鎌倉街道に由来する橋名
古渡橋
 古渡という橋名は、かつて渡し場があった事を思い浮かばせる。
 この橋が架かっている場所は昔の古渡村で、この場所ではないものの鎌倉街道の渡し場があり、その村名から橋の名が付けられた。


    鎌倉街道に由来する橋名   何度も改築



鎌倉街道に由来する橋名
 江戸時代初期に架けられた堀川七橋の一つである。
 『名古屋府城志』には「海東郡の人東本願寺へ往来多く、今は人家数戸造立せり」と書かれている。

『尾張名所図会』
 「古渡」という橋名は、鎌倉街道に由来する名前である。
 東海道の前身とも言える鎌倉街道は、庄内川を渡り今の中村区にあった東宿・上中村・米野村、中川区の露橋村、中区の古渡村という経路で名古屋台地に来て、古渡村からは舟で瑞穂区の高田村・大喜村へ渡り東へ向かったと言われている。鎌倉時代頃にできた『明日香井集』(あすかいしゅう)に、古渡の題にて、「むかしより其名かはらぬ古わたり さても朽せぬ橋はしら哉」の歌があり、その時代に古渡橋が架かっていた。しかし歌に詠まれた古渡橋は今の堀川に架かる古渡橋ではない。堀川は江戸時代初期に開削され、鎌倉時代には存在していない。
 鎌倉時代に渡し場があったのでこの地域は古渡村と呼ばれ、堀川ができ橋が架けられたとき、古渡村にある橋なので古渡橋と名付けられたのである。

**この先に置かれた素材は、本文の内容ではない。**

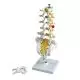 Lumbar Spinal Column with dorso-lateral prolapsed intervertebral disc A76/5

 江戸時代、古渡橋から日置橋の間は蜆を採ることが禁止されていたが、嘉永3年(1850)8月に解除された。
 また、嘉永7年(1854)におきた安政東海大地震の時は、高潮がこの辺りでは道路近くまで押し寄せたと記録されている。



何度も改築
 木橋だったので何度も架け替えが行われたが、寛保2年(1742)の改築の時、経費節減のためか両岸を張り出して4間(7.2m)ほど橋長を縮めている。昭和10年(1935)の改築前の写真を見ると。橋台が張り出して構築されている。

 明治11年(1878)の改築時は橋長10間2尺(18.8m)、幅2間2尺(4.2m)であった。その後24年(1891)の改築、38年(1905)の修繕などを経て昭和10年(1935)に近代的な橋に架け替えられた。
 現在の橋は昭和63年(1988)のものである。橋長32m、幅員14.2m、鉄筋コンクリート桁橋である。